Given information:
--------------------

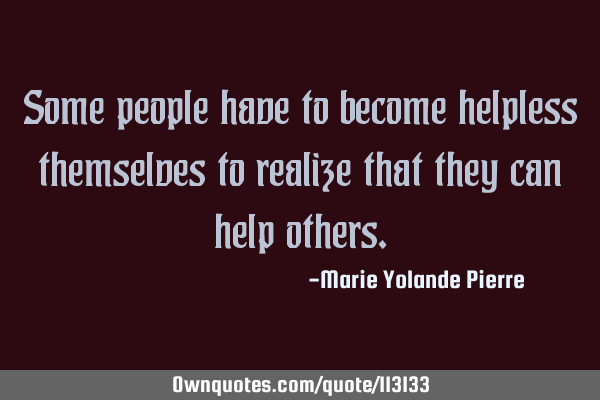 Some people have to become helpless themselves to realize that they can help
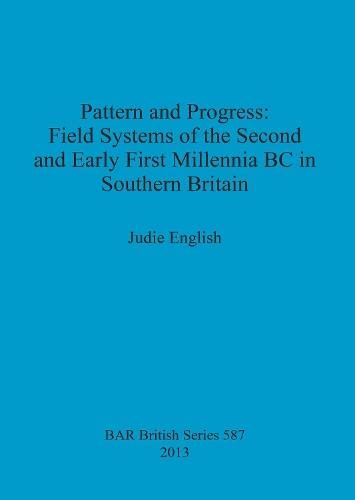 Pattern and Progress: Field Systems of the Second and Early First Millennia BC in Southern Britain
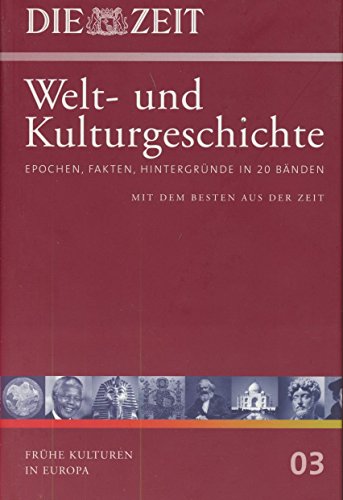 Die ZEIT-Welt- und Kulturgeschichte in 20 Bänden. 03. Frühe Kulturen in Europa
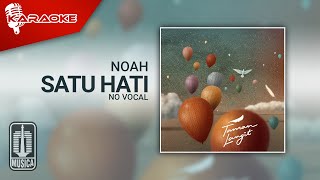 Download lagu NOAH - Satu Hati ( Karaoke Video) | No Vocal mp3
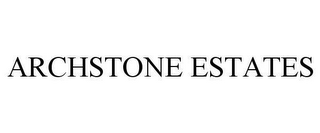 ARCHSTONE ESTATES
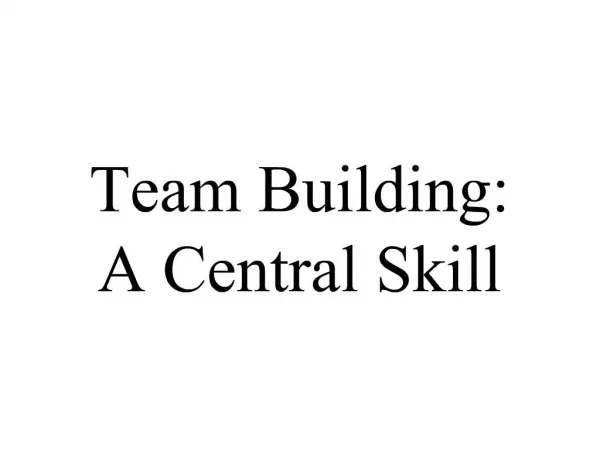 Team Building: A Central Skill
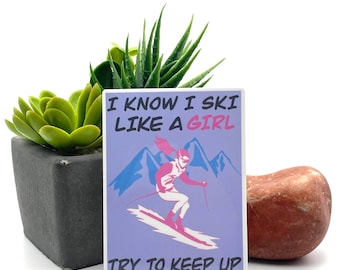 I ski like a girl try to keep up, Winter sports alpine downhill skiing snowboarding aesthetic silly pastel cute girly power ski bum sticker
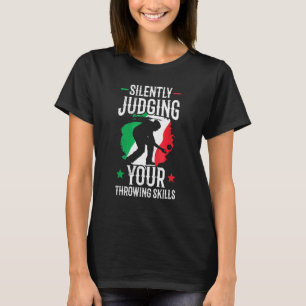 Camiseta Boules Bocce Ball  Silently Judging Your Throwing 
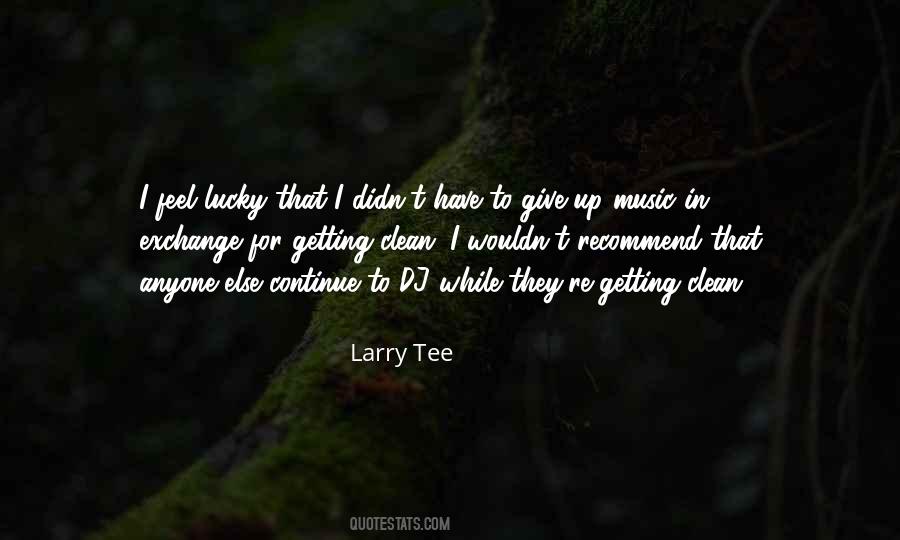 I Didn't Give Up Quotes #201189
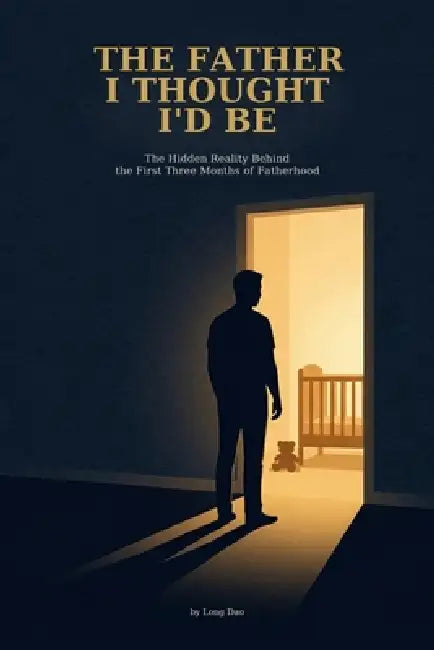 The Father I Thought I'd Be: The Hidden Reality Behind the First Three Months of Fatherhood by Long Dao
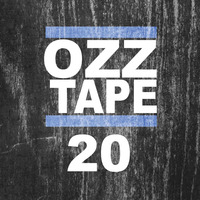 Oscar OZZ - OZZTAPE 20 by Oscar OZZ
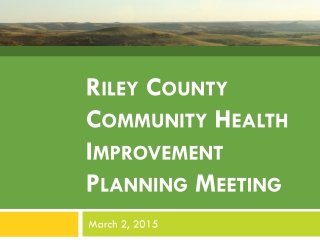 Riley County Community Health Improvement Planning Meeting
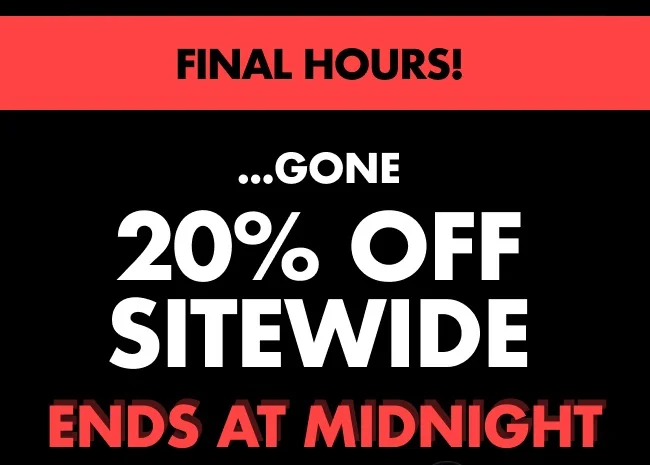 48 hours left! Get 20% OFF Sitewide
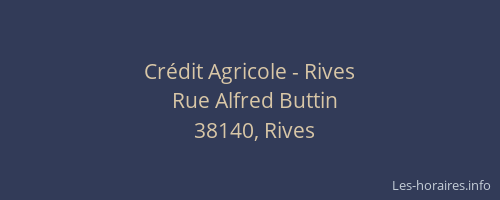 Cr&eacute;dit Agricole - Rives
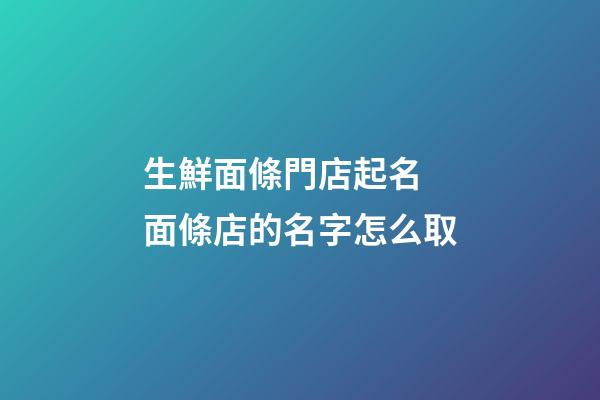 生鮮面條門店起名 面條店的名字怎么取-第1張-店鋪起名-玄機派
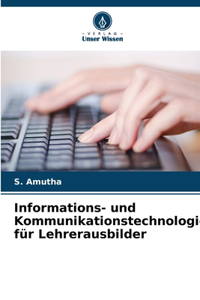 Informations- und Kommunikationstechnologie für Lehrerausbilder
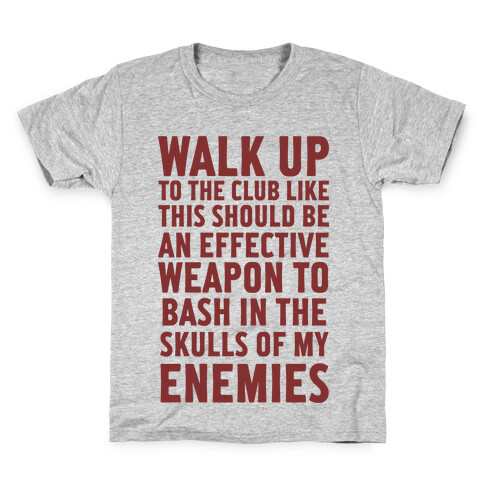 Walk Up To The Club Like This Should Be An Effective Weapon To Bash In The Skulls Of My Enemies Kids T-Shirt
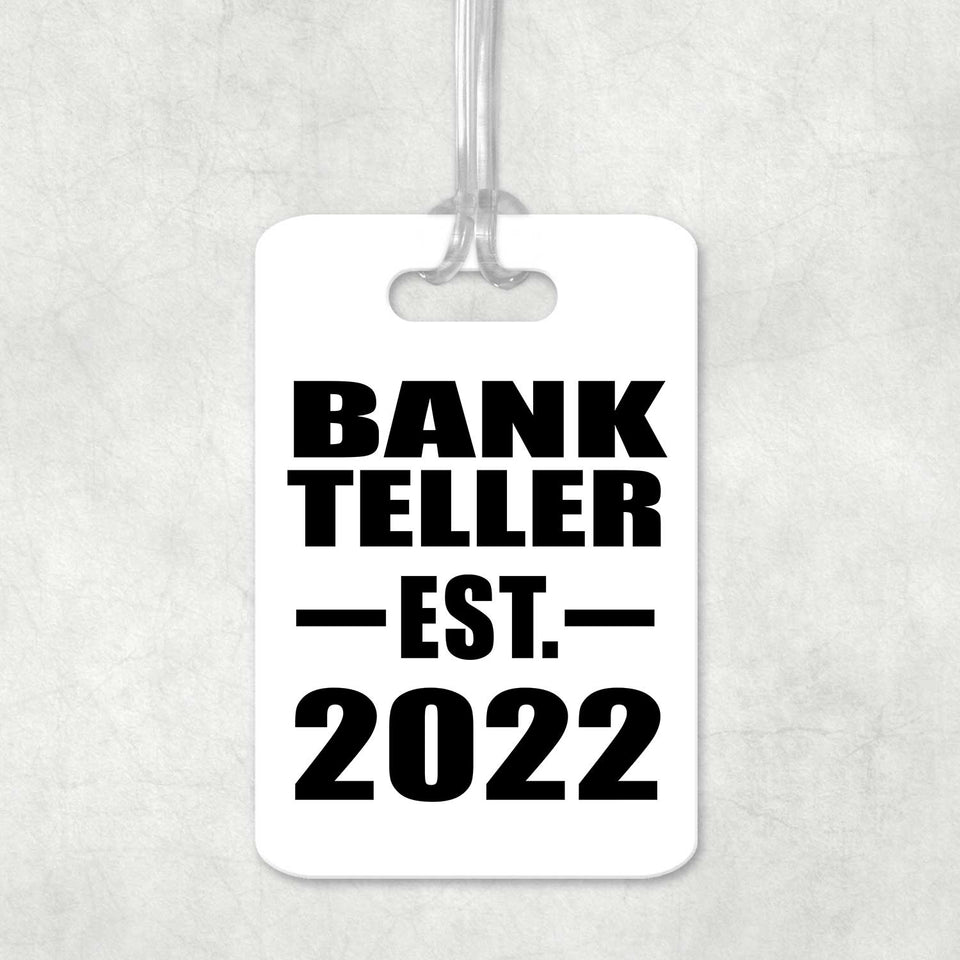 Bank Teller Established EST. 2022 - Luggage Bag Tag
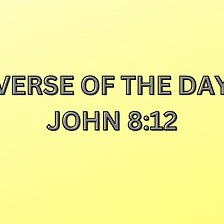Bible Verse of The Day John 8:12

--------------------

Full transcription without images: please go through the records and repeat them exactly.

 Some people have to become helpless themselves to realize that they can help
 Pattern and Progress: Field Systems of the Second and Early First Millennia BC in Southern Britain
 Die ZEIT-Welt- und Kulturgeschichte in 20 Bänden. 03. Frühe Kulturen in Europa
 Download lagu NOAH - Satu Hati ( Karaoke Video) | No Vocal mp3
 ARCHSTONE ESTATES
 Team Building: A Central Skill
 I ski like a girl try to keep up, Winter sports alpine downhill skiing snowboarding aesthetic silly pastel cute girly power ski bum sticker
 Camiseta Boules Bocce Ball  Silently Judging Your Throwing 
 I Didn't Give Up Quotes #201189
 The Father I Thought I'd Be: The Hidden Reality Behind the First Three Months of Fatherhood by Long Dao
 Oscar OZZ - OZZTAPE 20 by Oscar OZZ
 Riley County Community Health Improvement Planning Meeting
 48 hours left! Get 20% OFF Sitewide
 Cr&eacute;dit Agricole - Rives
 生鮮面條門店起名 面條店的名字怎么取-第1張-店鋪起名-玄機派
 Informations- und Kommunikationstechnologie für Lehrerausbilder
 Walk Up To The Club Like This Should Be An Effective Weapon To Bash In The Skulls Of My Enemies Kids T-Shirt
 Bank Teller Established EST. 2022 - Luggage Bag Tag
Bible Verse of The Day John 8:12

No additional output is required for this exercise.